Understanding Vector Databases

Posted on July 25, 2025
Profile
Gastón Gaitan
July 25, 2025 · 1 week, 1 day ago
Understanding Vector Databases

Why Vector Databases Were Born

Traditional databases like SQL are designed to handle exact or partial matches using string-based operations like LIKE '%car%'. These queries are effective when looking for literal matches, but they fall short when we want to find conceptually related information. For instance, searching for "car" won't return "wheel", "engine", or "steering wheel", even though these concepts are closely related.

Limitations of Text-Based Queries

While SQL and NoSQL systems work well with structured, keyword-based data, they are not optimized for semantic search — that is, retrieving information based on meaning rather than exact wording.

Embeddings: A Semantic Representation of Meaning

This is where embeddings come into play.
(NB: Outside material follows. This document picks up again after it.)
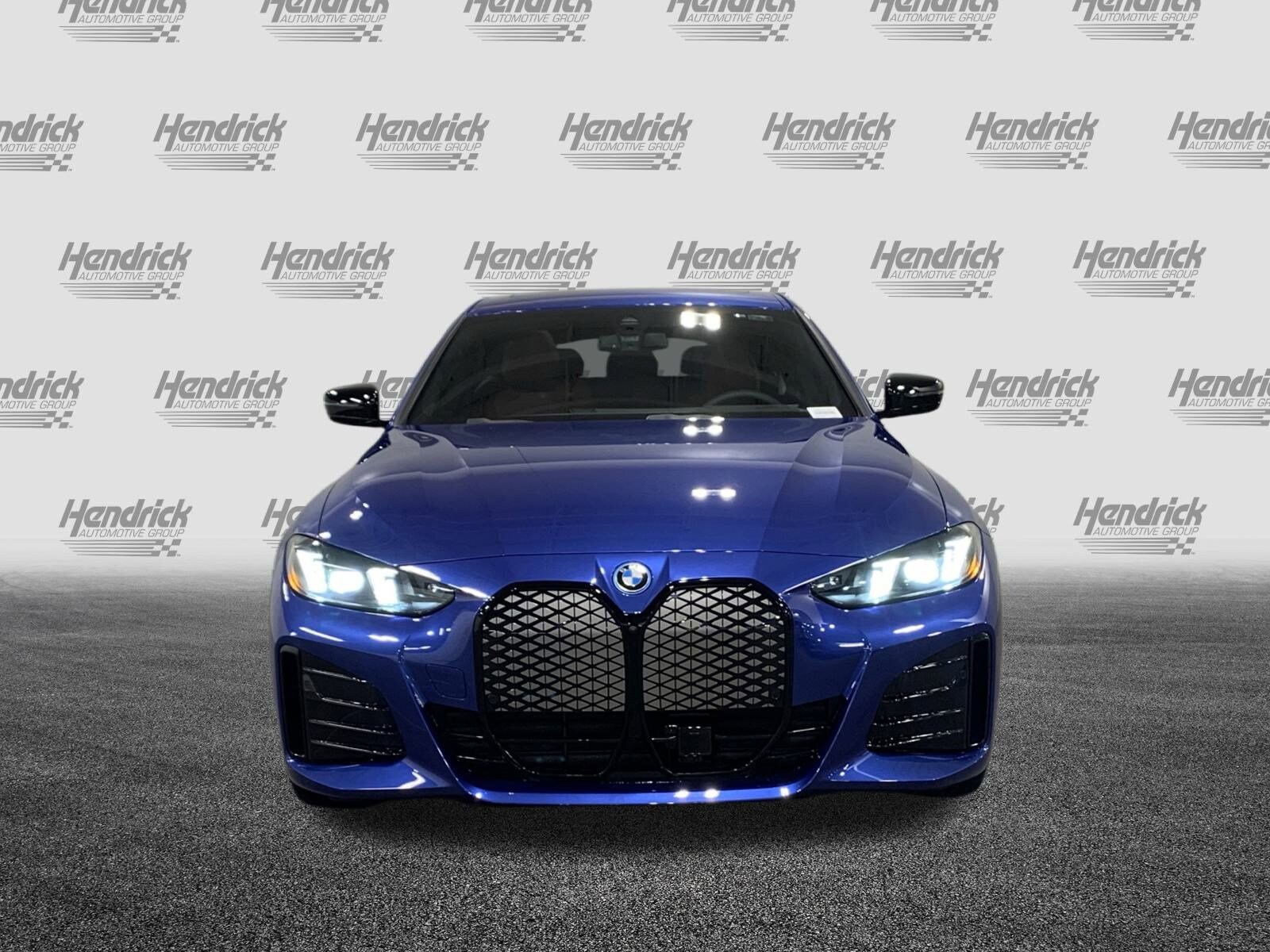 2025 Bmw i4 xDrive40 photo 2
Instead of representing text as strings, we use machine learning models to encode it into high-dimensional vectors. These vectors are placed in a semantic space, where similar concepts are located near each other, even if their literal terms are completely different.

Semantic coordinates of embeddings

As a visual analogy, imagine plotting foods on a graph with two axes: one for "dessertness" and one for "sandwichness". Even though pizza and salad have very different ingredients, they may be close to each other in this particular space.

Semantic space of foods (dessertness vs sandwichness)

Why a New Kind of Database Was Needed

Once we represent data as embeddings, traditional databases are no longer enough. We need systems capable of performing operations like vector similarity search — finding which vectors are closest to a given input vector based on distance metrics like cosine similarity or Euclidean distance.

Comparison between SQL and vector DBs

The Importance of Consistency Between Embedding Models

One critical aspect of working with vector databases is that the embeddings must be generated using the same model — or a model that is guaranteed to be compatible. This ensures that the relative positions of vectors remain meaningful. If you store vectors generated by Model A but later query using Model B, the results might be completely inaccurate, even if the text seems similar.

If the model changes, all the existing vectors in your database may need to be re-embedded to maintain consistency and relevance.

Conclusion

Vector databases emerged out of the need to search semantically — not just syntactically. As we move toward applications powered by natural language understanding, recommendation systems, and semantic search, vector databases offer a foundational layer for storing and querying meaning, not just strings.